Having now built out some bigger projects with jr. level coding experience + Cursor I see a lot of issues that come with larger production deployed projects.

Is there a resource to learn to ship code like the big guys that isn't to deep in the weeds to help learn solid testing infra, CI/CD review, debugging etc.

Not hiring a huge team but would be good to implement some better practices as an indie dev.


You can follow just 'good practices', sadly there's no such thing as a guideline for it, most big tech is built on top of legacy code/practices anyways, but it all relates back for what you need at any specific part of your journey.

For example if you're working in a team, doing PR reviews comes as a good practice to catch bugs before sending code to prod, as a solo dev this might come as an overkill because you wrote the code yourself.

Docker/Kubernetes come handy for a app that needs to be reliable and easy to make updates in real time, and already has a team supporting it behind it, but might be an overkill for a small team of less than 5 devs, could even be a waste of time in the earlier stages of the product.

For infra same rules apply, you don't need a crazy aws configuration to deploy a simple app with fewer than 10 users, but as soon as the users start growing that's when big tech 'good practices' might come handy such as (IaC, CI/CD pipelines, etc)

If you want just to grow as a dev focus on business needs of each of the stages a business might face and from there just learn each of the 'good practices' at any given moment a company might face.

Hope this is useful!

Do you really want to ship like the big guys (e.g. Google)? Or do you want smth more reasonable for solo people and small teams (e.g. 37signals)?

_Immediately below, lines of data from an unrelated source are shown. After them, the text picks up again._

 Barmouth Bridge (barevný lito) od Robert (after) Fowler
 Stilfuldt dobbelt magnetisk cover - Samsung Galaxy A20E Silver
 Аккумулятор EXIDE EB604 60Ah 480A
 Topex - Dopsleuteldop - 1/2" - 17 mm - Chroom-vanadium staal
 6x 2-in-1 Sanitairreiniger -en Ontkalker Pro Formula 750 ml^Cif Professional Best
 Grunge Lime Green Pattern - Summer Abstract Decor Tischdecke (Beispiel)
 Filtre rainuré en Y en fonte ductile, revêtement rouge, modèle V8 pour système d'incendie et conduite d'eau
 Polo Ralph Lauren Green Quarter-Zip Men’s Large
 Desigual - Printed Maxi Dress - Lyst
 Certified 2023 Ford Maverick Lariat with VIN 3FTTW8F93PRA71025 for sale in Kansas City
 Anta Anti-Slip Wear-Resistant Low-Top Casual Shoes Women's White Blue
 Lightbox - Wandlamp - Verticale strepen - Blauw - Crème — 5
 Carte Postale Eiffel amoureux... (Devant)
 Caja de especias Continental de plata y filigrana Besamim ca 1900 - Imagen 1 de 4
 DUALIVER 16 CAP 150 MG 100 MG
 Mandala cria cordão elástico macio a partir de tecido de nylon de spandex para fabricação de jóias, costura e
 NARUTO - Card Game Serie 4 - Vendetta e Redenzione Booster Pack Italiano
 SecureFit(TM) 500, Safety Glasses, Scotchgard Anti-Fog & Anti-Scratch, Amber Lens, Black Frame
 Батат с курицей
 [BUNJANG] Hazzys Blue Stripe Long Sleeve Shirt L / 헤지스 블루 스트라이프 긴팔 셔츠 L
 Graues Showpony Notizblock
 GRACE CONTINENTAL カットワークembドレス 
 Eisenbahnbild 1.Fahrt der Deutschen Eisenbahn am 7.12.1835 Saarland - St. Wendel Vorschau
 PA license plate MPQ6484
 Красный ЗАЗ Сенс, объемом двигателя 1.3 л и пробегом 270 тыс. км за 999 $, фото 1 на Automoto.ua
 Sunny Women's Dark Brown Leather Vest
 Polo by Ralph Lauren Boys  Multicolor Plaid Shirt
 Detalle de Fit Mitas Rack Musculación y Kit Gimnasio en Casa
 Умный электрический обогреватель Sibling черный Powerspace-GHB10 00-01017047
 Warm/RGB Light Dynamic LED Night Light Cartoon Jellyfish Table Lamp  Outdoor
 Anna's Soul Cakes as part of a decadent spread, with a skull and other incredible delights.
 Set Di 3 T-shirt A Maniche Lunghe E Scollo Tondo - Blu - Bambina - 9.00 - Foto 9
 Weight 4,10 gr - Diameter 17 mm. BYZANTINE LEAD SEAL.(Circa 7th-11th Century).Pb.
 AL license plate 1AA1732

I am preparing Kamal DevOps course that will show the latter:

kamalmanual.com/videocourse/

In the meantime I also have a handbook with some example deployments:

kamalmanual.com/handbook/

Personally I would stay away from Kubernetes unless you are a corporation with way too many deployments.

I love 37 signals and should definitely reread their book / manifesto around this. Totally forgot.

Docker always seemed heavy and bloated running on my machine. Should i go back and really dive into Docker.

I think I had preconceived biases against it for whatever reason.

Perhaps cos it never performed too well on macOS? But they are more performant alternatives to Docker Desktop today. On Linux, Docker is just using native Linux container technology. Also it simply improved over the years (I was a bit against it in its beginnings).

Pretty insane for a company that large you have to go through these hoops to handle signing the app lol github.com/docker/for-mac/iss…

I am implementing some of the tweaks to resource utilization which helps locally. Lots to learn at some point but don't want to get to distracted and fall into a rabbit hole lol.

Are you looking for free courses or paid ones? The good ones usually don't come free, imo.

I find it's often the opposite often better free info then paid fud stuff but just trying to find a framework that will scale. I have several online properties with tons of traffic and users that pushing updates becomes a scary yolo type moment.

To answer your question, either or just that its good.

Maybe i'm thinking about this wrong though and need to kind of develop my own framework for managing apps that works for me and my team.